By seanharris on Dec 11, 2006
One of the things that has bemused and frustrated me since I first started using the web in the early 90's was that your bookmarks were always stored in the client and there seemed to be no simple way to store them in the network. It is a problem that I have returned to periodically (every couple of years) since the early 90's. I have even tried at various times to implement solutions of my own such as storing bookmarks as an HTML file on a secure website of my own creation. These attempts were always doomed to failure since it required me to remember to make manual edits to an online file rather than simply click on a button in the browser.

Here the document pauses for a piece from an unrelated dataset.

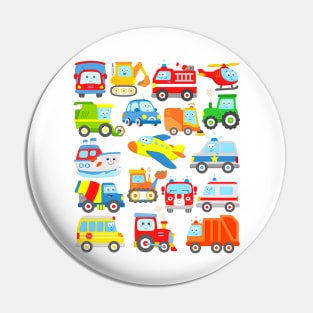 18 Cars Trucks Vehicles Locomotive Trash Truck School Bus Plane Boat Car Digger Tractor Pin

With the rise in popularity of social bookmarking sites I decided to revisit the problem recently and here are the results of my investigations. I was not really interested at this point in time in the aspects of social bookmarking other than the fact that it appeared to be a route to store my bookmarks in a central repository that could be accessed from anywhere. What I really wanted was a simple, secure online store that could be accessed from anywhere and updated (automatically) from anywhere. The problem was that in a Sun office I use a SunRay to access the network, at home I use my laptop or my desktop and on the the road I use my laptop. This is further complicated by the fact that my laptop and desktop multi-boot into different operating systems depending on the work that I am doing.

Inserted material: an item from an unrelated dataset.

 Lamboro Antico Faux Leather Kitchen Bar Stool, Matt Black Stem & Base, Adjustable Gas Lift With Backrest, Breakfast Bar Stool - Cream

It appears that for MAC users there is the .Mac service that seems do what I was looking for but I assumed that it was for MAC users only and did not investigate further. Google offers google bookmarks. This provides an on line repository and there are a number of firefox plugins that allow you to access them from the control bar of the browser. These include GMarks, Firefox Google Bookmarks, Google Bookmarks Button and Deng Google bookmarks amongst others. The two main shortfalls of this were a) that the online repository does not offer a file/folder like structure, just tags and although some of the tools available use the tags to generate the look and feel of a directory structure it is only one folder deep and b) the plugins generate a new control panel for the google bookmarks that is separate from the "standard" bookmarks.
Then I discovered FoxMarks. The answer to all my prayers. The plugin integrates seamlessly with the browser using the standard bookmarks menus. It even allowed me to merge the bookmark folders from the three browser instances I already had offering me the option to merge or overwrite (local or remote). The only limitation that I have been able to discover to date is that there appears to be no plugin for browsers other than firefox but since I use only firefox this is not a limitation that affects me.